London — Germany plans to close 4 GW of hard coal-fired plants via a first annual compensation auction in June 2020, an energy ministry spokeswoman told S&P Global Platts Tuesday.
Compensation for closures is to be awarded to bidders offering the lowest cost of avoided CO2 emissions with winning plants set to close after winter 2020/21.
The federal grid regulator BNetzA is set to run the auctions, according to a second draft leaked Tuesday.
The ministry is finalizing a hard coal exit law to cap hard coal capacity at 15 GW by end-2022.
Assuming Datteln 4 comes on line, Germany will have around 22 GW of hard coal capacity in operation as the compensation auctions get underway.
The draft does not specify a bid ceiling in the auction, with details yet to be established across ministries before reaching cabinet later this month, the spokeswoman said.
Bids for a second wave of closures are to be submitted by March 2021, 22 months before the end-2022 target date.
The BNetzA is to establish exact volumes required to hit the 15 GW target depending on other closure applications, the outcome of various capacity reserve auctions and startup of Uniper's 1.1 GW Datteln 4 plant.

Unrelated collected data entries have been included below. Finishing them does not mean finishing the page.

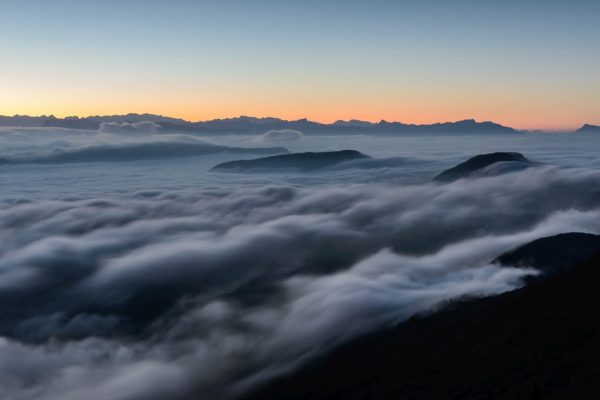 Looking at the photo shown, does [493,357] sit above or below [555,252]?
above

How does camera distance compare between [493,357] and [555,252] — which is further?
[555,252]

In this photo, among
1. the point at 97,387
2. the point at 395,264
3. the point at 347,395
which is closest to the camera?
the point at 347,395

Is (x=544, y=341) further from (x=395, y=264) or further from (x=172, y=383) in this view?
(x=395, y=264)

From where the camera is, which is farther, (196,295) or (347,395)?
(196,295)

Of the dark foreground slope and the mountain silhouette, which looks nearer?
the dark foreground slope

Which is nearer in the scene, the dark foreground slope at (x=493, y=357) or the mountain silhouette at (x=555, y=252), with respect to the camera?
the dark foreground slope at (x=493, y=357)

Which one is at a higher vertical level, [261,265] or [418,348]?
[418,348]

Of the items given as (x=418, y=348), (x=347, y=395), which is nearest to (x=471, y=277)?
(x=418, y=348)

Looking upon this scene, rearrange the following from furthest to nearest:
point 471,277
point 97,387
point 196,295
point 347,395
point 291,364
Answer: point 196,295
point 471,277
point 97,387
point 291,364
point 347,395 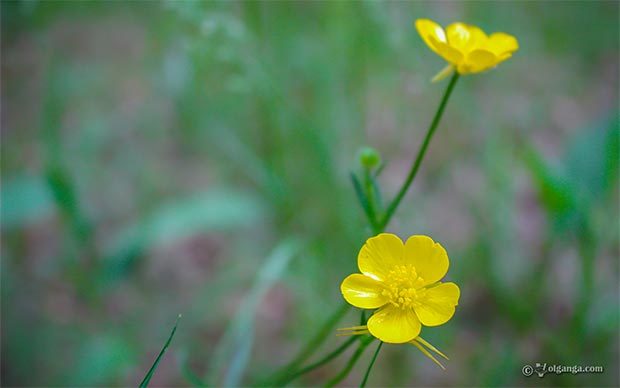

Commissioning of Datteln 4 is foreseen for summer 2020.
Closure auctions thereafter are set to run annually until 2026, with hard coal capacity declining to 8 GW by end-2030.
Details on 3 GW of lignite closures are expected at a later stage, with Eur40 billion ($44 billion) of support for lignite mining regions already approved.
Germany plans to completely phase out coal by 2038.
The draft includes reviews of planned coal closures to ensure power prices remain affordable after nuclear is phased out.
This would also include a review into whether Germany would cancel new EUA carbon allowances linked to the coal closures.
The draft rejects the option of a national carbon floor price to achieve the closure targets.
Reduced coal burn will see the power sector achieve its 2022 targets this year. German hard coal output is averaging 5.4 GW this year, down 23% on the year.